You are viewing a plain text version of this content. The canonical link for it is here.
Posted to user@flink.apache.org by Aljoscha Krettek <al...@apache.org> on 2016/05/02 14:48:31 UTC

Re: join performance

Hi Henry,
yes, with early firings you would have the problem of duplicate emission.
I'm afraid I don't have a solution for that right now.

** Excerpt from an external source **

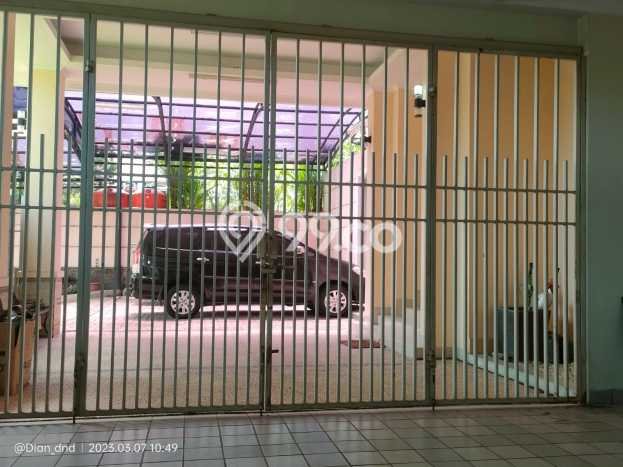 Ready to Use! Premium House LT 2145m2 Desain Modern di Sentul City Ready to Use! Premium House LT 2145m2 Desain Modern di Sentul City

For the "another question" I think you are right that this would be session
windowing. Please have a look at this blog post that I wrote recently:
http://data-artisans.com/session-windowing-in-flink/. And please get back
to us if you have more questions or feedback.

Cheers,
Aljoscha

On Fri, 29 Apr 2016 at 19:18 Henry Cai <hc...@pinterest.com> wrote:

> So is the window defined as hour-window or second-window?
>
> If I am using hour-window, I guess I need to modify the trigger to fire
> early (e.g. every minute)?  But I don't want to repeatedly emit the same
> joined records for every minute (i.e. on 2nd minute, I only want to emit
> the changes introduced by new coming records between 1st and 2nd minute)
>
> If I am using second-window, I wasn't sure why the record will still be
> put into the correct window based on hour gap?
>
> Another question is on which type of window, I need to match record a from
> stream a to record b in stream b if abs(a.time - b.time) < 1-hour, so it's
> not really a tumbling window on absolute wall clock, is this a session
> window?
>
> On Fri, Apr 29, 2016 at 4:36 AM, Aljoscha Krettek <al...@apache.org>
> wrote:
>
>> Hi,
>> you are right, everything will be emitted in a huge burst at the end of
>> the hour. If you want to experiment a bit you can write a custom Trigger
>> based on EventTimeTrigger that will delay firing of windows. You would
>> change onEventTime() to not fire but instead register a processing-time
>> timer at a random point in the future. Then, in onProcessingTime() you
>> would trigger the actual window processing. Elements will still be put into
>> the correct windows based on event time, just the firing of the windows
>> will change by doing this.
>>
>> Cheers,
>> Aljoscha
>>
>> On Fri, 29 Apr 2016 at 08:53 Henry Cai <hc...@pinterest.com> wrote:
>>
>>> But the join requirement is to match the records from two streams
>>> occurring within one hour (besides the normal join key condition), if I use
>>> the second join window, those records wouldn't be in the same window any
>>> more.
>>>
>>>
>>>
>>> On Thu, Apr 28, 2016 at 11:47 PM, Ashutosh Kumar <
>>> kmr.ashutosh16@gmail.com> wrote:
>>>
>>>> Time unit can be in seconds as well. Is there specific need to get
>>>> bursts hourly?
>>>>
>>>> On Fri, Apr 29, 2016 at 11:48 AM, Henry Cai <hc...@pinterest.com> wrote:
>>>>
>>>>> For the below standard stream/stream join, does flink store the
>>>>> results of stream 1 and stream 2 into state store for the current hour and
>>>>> at the end of the hour window it will fire the window by iterating through
>>>>> all stored elements in the state store to find join matches?
>>>>>
>>>>> My concern is during most of the time in the hour, the output
>>>>> (assuming the output is going to another stream) will be idle and on each
>>>>> hour mark there will be huge outputs of joined records emitted, any way to
>>>>> make it more gradual?
>>>>>
>>>>>
>>>>> dataStream.join(otherStream)
>>>>>     .where(0).equalTo(1)
>>>>>     .window(TumblingEventTimeWindows.of(Time.hours(1)))
>>>>>     .apply (new JoinFunction () {...});
>>>>>
>>>>>
>>>>
>>>
>